◆ Your goal: Beginning with the line that holds "Spigen Liquid Air" and ending with the last line, please repeat the entries exactly and omit the pictures.

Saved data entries
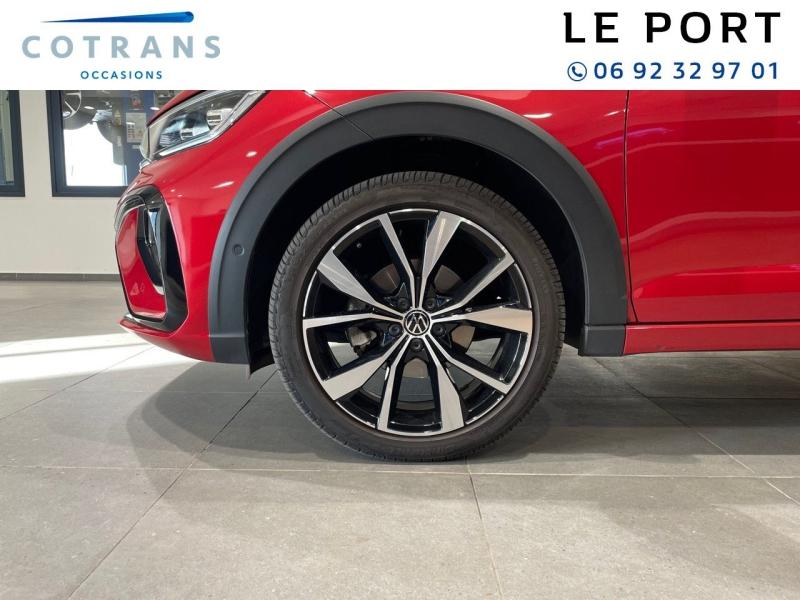 Photo 10 du véhicule VOLKSWAGEN Taigo 1.5 TSI 150ch R-Line DSG7 - Vue extérieure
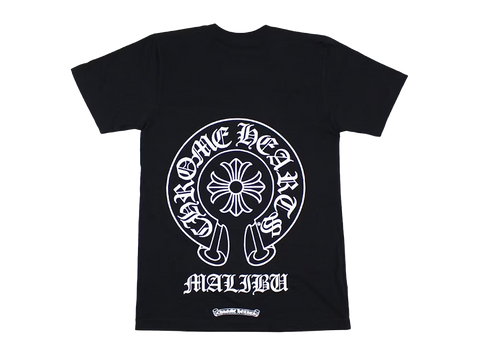 Chrome Hearts Malibu Exclusive T-shirt Black (Pre-Owned)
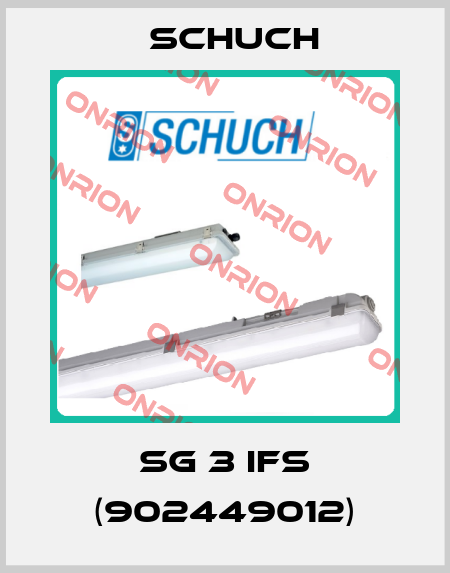SG 3 IFS (902449012) Schuch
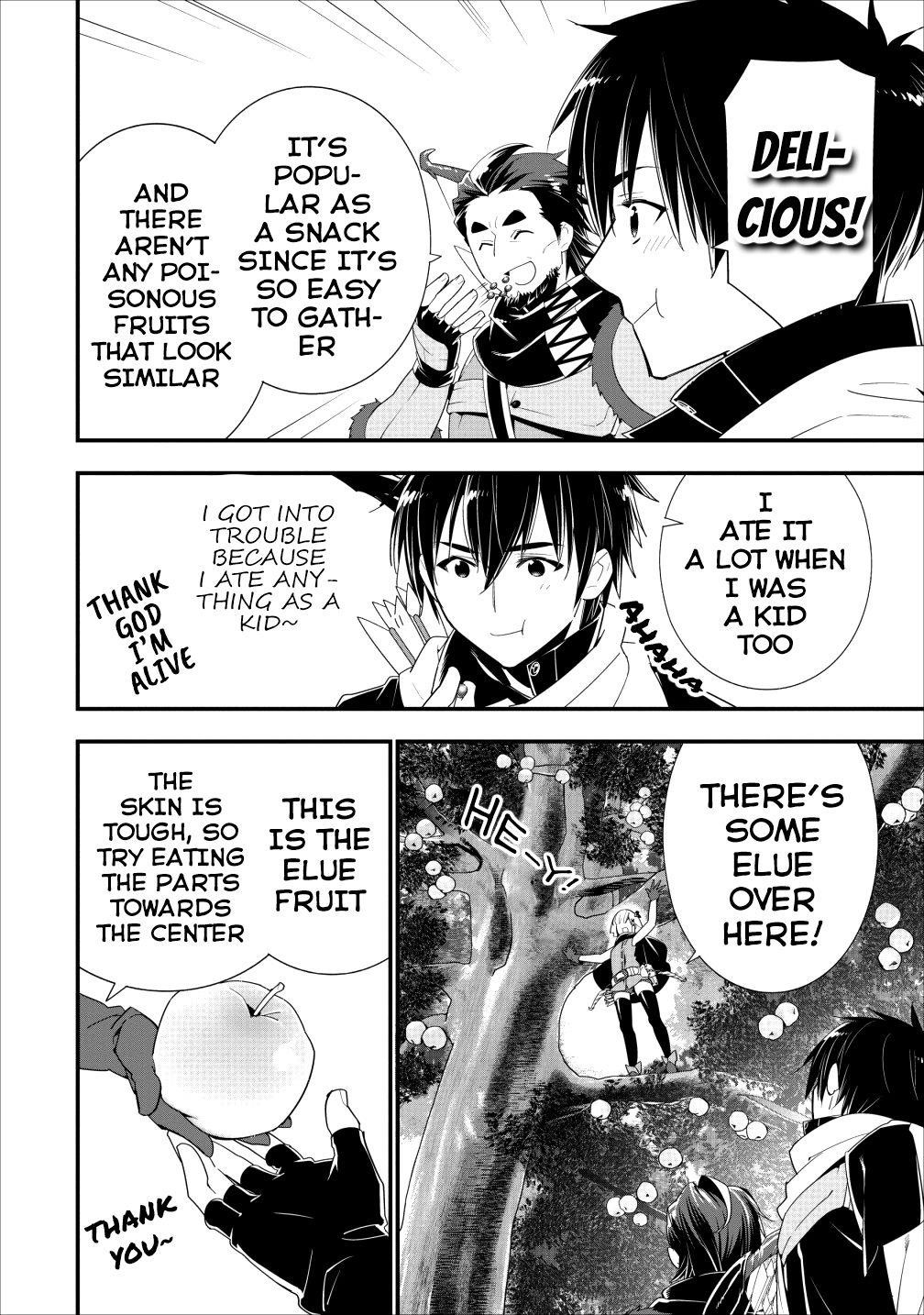 A-Rank Boukensha No Slow Life Chapter 4 - Page 12 in English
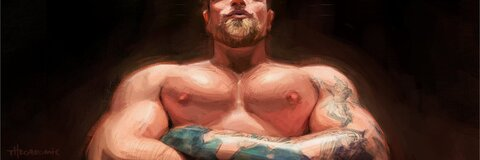 Leaked yesbrawn header onlyfans leaked
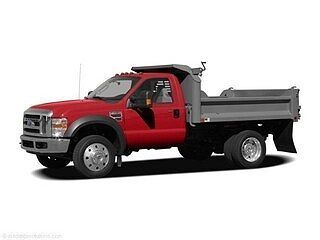 2009 FORD F-450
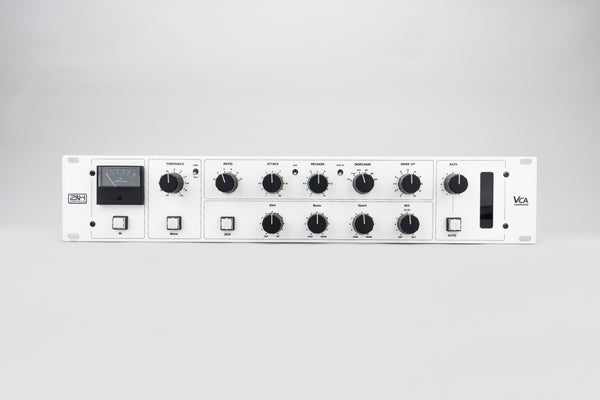 VCA compressor front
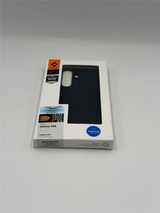 Spigen Liquid Air Case for Samsung Galaxy S26 6.3" Matte Black - ACS10726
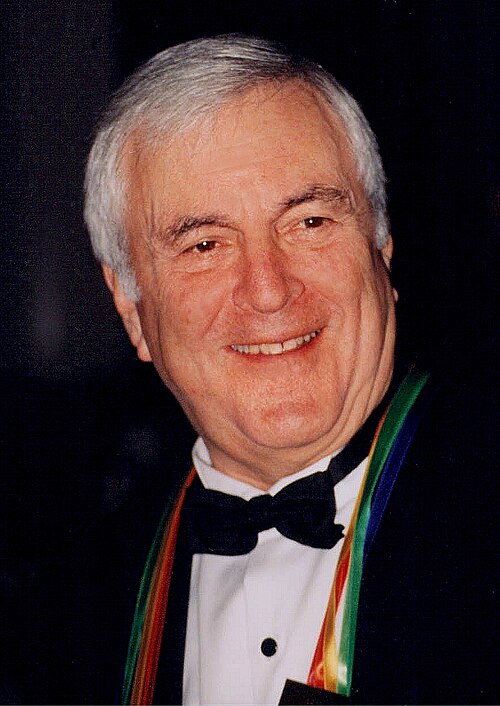 Portrait of John Kander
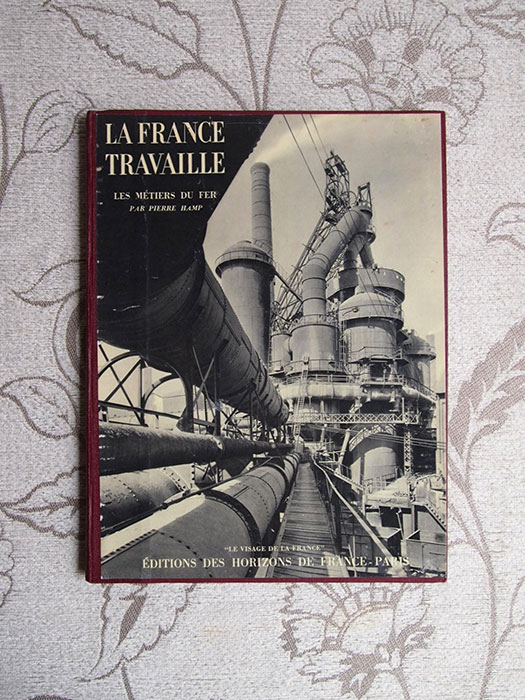 LA FRANCE TRAVAILLE 15巻コンプリート | アンティーク・フランス雑貨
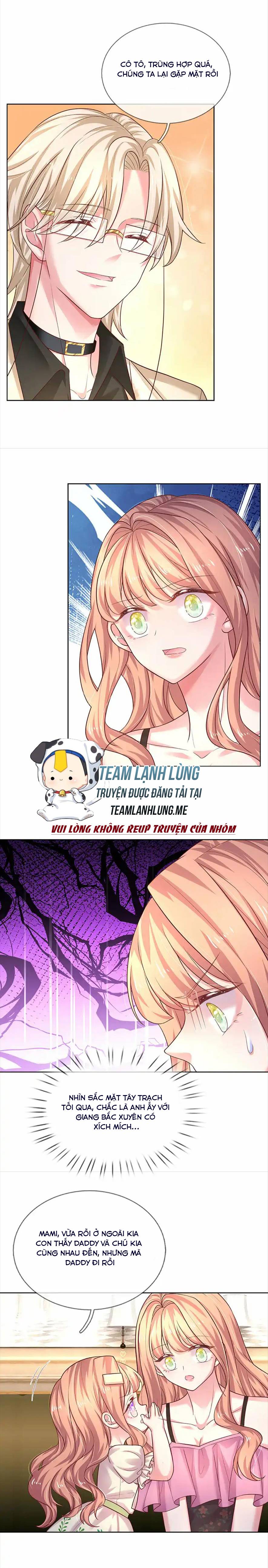 Ta Có Con Với Đại Boss - Chap 70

◆ Result:
 Spigen Liquid Air Case for Samsung Galaxy S26 6.3" Matte Black - ACS10726
 Portrait of John Kander
 LA FRANCE TRAVAILLE 15巻コンプリート | アンティーク・フランス雑貨
 Ta Có Con Với Đại Boss - Chap 70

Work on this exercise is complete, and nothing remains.